Although total and even major partial system failures are rare, utilities still need to be prepared to respond to them by developing detailed and robust service restoration plans. And because taking real-time measurements of these plans is simply not feasible, some utilities have turned to computational modeling to simulate and measure restoration performance without interrupting service. National Grid UK, the electricity transmission system owner for England and Wales and the system operator for all of Great Britain, uses @RISK’s probabilistic modeling techniques to measure network restoration performance in a variety of simulated failure scenarios. In other words, if the system, or part of it, somehow breaks down, the people at the utility want to know what, and how long, it will take to get it working again, and what the challenges will be along the way.
National Grid plc, which also currently owns four of England's eight gas distribution networks, actually started using @RISK in 2008 to address an industry concern on distribution network resilience requirements, specifically the usefulness of equipping key electricity substations with diesel and battery back-up capabilities. The answer, a resounding "yes," led to an agreement between network owners and regulators resulting in a major investment and industry-wide deployment.
Simulating Restoration Performance
For the past several years, however, systems engineer Simon Waters, National Grid’s in-house modeling expert, focuses principally on restoration planning. His work revolves around using @RISK to simulate and measure network restoration performance for a range of failure scenarios using the key technical, operational and human factors associated with adverse sets of circumstances.
“Fortunately, electrical energy (MWh) and time (hours, minutes) are units that lend themselves to numerical representation, so it is all the other less obvious factors that are developed using @RISK functions,” Waters says.
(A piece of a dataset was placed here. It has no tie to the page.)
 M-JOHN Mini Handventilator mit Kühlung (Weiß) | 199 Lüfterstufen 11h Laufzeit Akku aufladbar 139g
Great Britain maintains a comprehensive package of plans to deal with a wide range of failure scenarios, ranging from extreme weather events to deliberate malicious attacks, including cyber attacks, and National Grid and other utilities must be able to respond to each quickly and effectively. Since most utilities cannot shut their systems down to perform restoration exercises, simulations using data from operational experience and industry-based rehearsals were for many years the sole source of information used to inform planning and decision-making. But the results were limited and lacking in detail. Today, at National Grid, @RISK is used for its sampling ability and to run simulations to map the overall restoration performance against a wide range of uncertainties and conditions.
“The ability to model a wide variety of uncertainties and to run Monte Carlo type simulations has given significant insight into what is effectively uncharted waters,” Waters says. “The results provide a credible set of performance measures against which power congestion points can be identified, investment decisions considered or plans adapted to optimize deployment and efficiency.” The work has been undertaken in collaboration with a range of industry parties and government departments to inform industry and formulate policy.
Systems Engineer, National Grid UK
Priming the Model
National Grid’s model captures all the pertinent engineering, operational and human factors associated with agreed industry restoration processes and the prevailing state of the market. Each model restoration simulation uses approximately 12,000 @RISK samples and a host of other data, and Waters typically runs 5,000 samples to map the wider solution space. The model picks at random an hour in the year in which a total network shutdown is assumed to have occurred. This is used as a key to select necessary data to prime the model with a wide variety of background information including national demand projections, the operational state of each generator set connected to the transmission system, the condition of the transmission network, the state of telecommunications equipment, the state of control room resources, the state of hydroelectric and pumped storage stations, the nature of wind generation and various other operational, failure rate statistics and external variables.
The model produces a range of output graphs and statistics that illustrate the wider performance envelope of the system’s restoration capability. These can be seen on both a national and regional level indicating how quickly electricity supplies may be reestablished. The model also provides a wealth of information on fuel requirements and how to optimize flexible generation resources. Changes in the generation fleet or regional plans can then be explored to optimize resources and/or measure their relative value ahead of time. Other output files produced include data on nationally unsupplied energy, impact to the nation’s GDP, how to best share resources across the system, and implications for particular generation sites.
Adapting to Future Needs
The project, Waters says, is very much an ongoing one, with recent work involving the measuring of variations in restoration performance from 2008 to 2016 in light of changes to a generation fleet that is moving away from coal and gas towards renewable energy sources like wind and solar power, as well as the undertaking of zonal comparisons and plan optimization to make the best use of available resources (i.e. how one area of the country compares to the other and how to make the best use of current resources). Moreover, with growing internal and external interest, Waters fully expects to be a busy man for the foreseeable future.
“We want to be able to prime the model with future market projections in areas like generation fleet changes, demand level trends, and to forecast likely future conditions as well.” He also hopes to be able to extend the analysis to capture the likelihood of an event, the cost/benefit of service options and possibly “least worst regret” analysis. Then there are the needs of government and regulators expressing interest in using the models to set and monitor a new national standard for restoration capability.
The National Grid restoration performance project provides insight into an area that no one wants to learn about first hand. And it all adds up to a lot of work indeed for something that everyone hopes will never have to be put into real-world practice. But it’s an absolutely vital exercise in this increasingly unpredictable day and age. Forewarned, as they say, is forearmed.